Task details ::
Copy every record below exactly as it stands.

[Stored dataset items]
※ ※ ※

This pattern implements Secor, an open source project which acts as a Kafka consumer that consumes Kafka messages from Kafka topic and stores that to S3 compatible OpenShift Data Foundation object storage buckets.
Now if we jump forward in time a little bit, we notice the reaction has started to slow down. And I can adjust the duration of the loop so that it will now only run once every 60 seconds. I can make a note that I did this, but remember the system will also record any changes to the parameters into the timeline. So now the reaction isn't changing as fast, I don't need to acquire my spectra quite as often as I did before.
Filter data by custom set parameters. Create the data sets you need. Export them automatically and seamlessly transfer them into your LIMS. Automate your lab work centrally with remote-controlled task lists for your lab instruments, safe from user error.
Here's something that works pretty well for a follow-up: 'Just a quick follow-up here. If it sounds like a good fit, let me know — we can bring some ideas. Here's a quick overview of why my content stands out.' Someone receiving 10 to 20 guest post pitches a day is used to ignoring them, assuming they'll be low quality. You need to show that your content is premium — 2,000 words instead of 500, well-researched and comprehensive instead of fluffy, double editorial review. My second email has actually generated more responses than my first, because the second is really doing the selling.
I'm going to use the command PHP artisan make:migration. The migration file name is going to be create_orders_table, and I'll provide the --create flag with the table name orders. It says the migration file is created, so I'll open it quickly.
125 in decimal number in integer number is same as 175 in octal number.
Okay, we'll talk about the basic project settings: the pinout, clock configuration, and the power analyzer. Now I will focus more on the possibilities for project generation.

※ ※ ※

Response to the task ::
This pattern implements Secor, an open source project which acts as a Kafka consumer that consumes Kafka messages from Kafka topic and stores that to S3 compatible OpenShift Data Foundation object storage buckets.
Now if we jump forward in time a little bit, we notice the reaction has started to slow down. And I can adjust the duration of the loop so that it will now only run once every 60 seconds. I can make a note that I did this, but remember the system will also record any changes to the parameters into the timeline. So now the reaction isn't changing as fast, I don't need to acquire my spectra quite as often as I did before.
Filter data by custom set parameters. Create the data sets you need. Export them automatically and seamlessly transfer them into your LIMS. Automate your lab work centrally with remote-controlled task lists for your lab instruments, safe from user error.
Here's something that works pretty well for a follow-up: 'Just a quick follow-up here. If it sounds like a good fit, let me know — we can bring some ideas. Here's a quick overview of why my content stands out.' Someone receiving 10 to 20 guest post pitches a day is used to ignoring them, assuming they'll be low quality. You need to show that your content is premium — 2,000 words instead of 500, well-researched and comprehensive instead of fluffy, double editorial review. My second email has actually generated more responses than my first, because the second is really doing the selling.
I'm going to use the command PHP artisan make:migration. The migration file name is going to be create_orders_table, and I'll provide the --create flag with the table name orders. It says the migration file is created, so I'll open it quickly.
125 in decimal number in integer number is same as 175 in octal number.
Okay, we'll talk about the basic project settings: the pinout, clock configuration, and the power analyzer. Now I will focus more on the possibilities for project generation.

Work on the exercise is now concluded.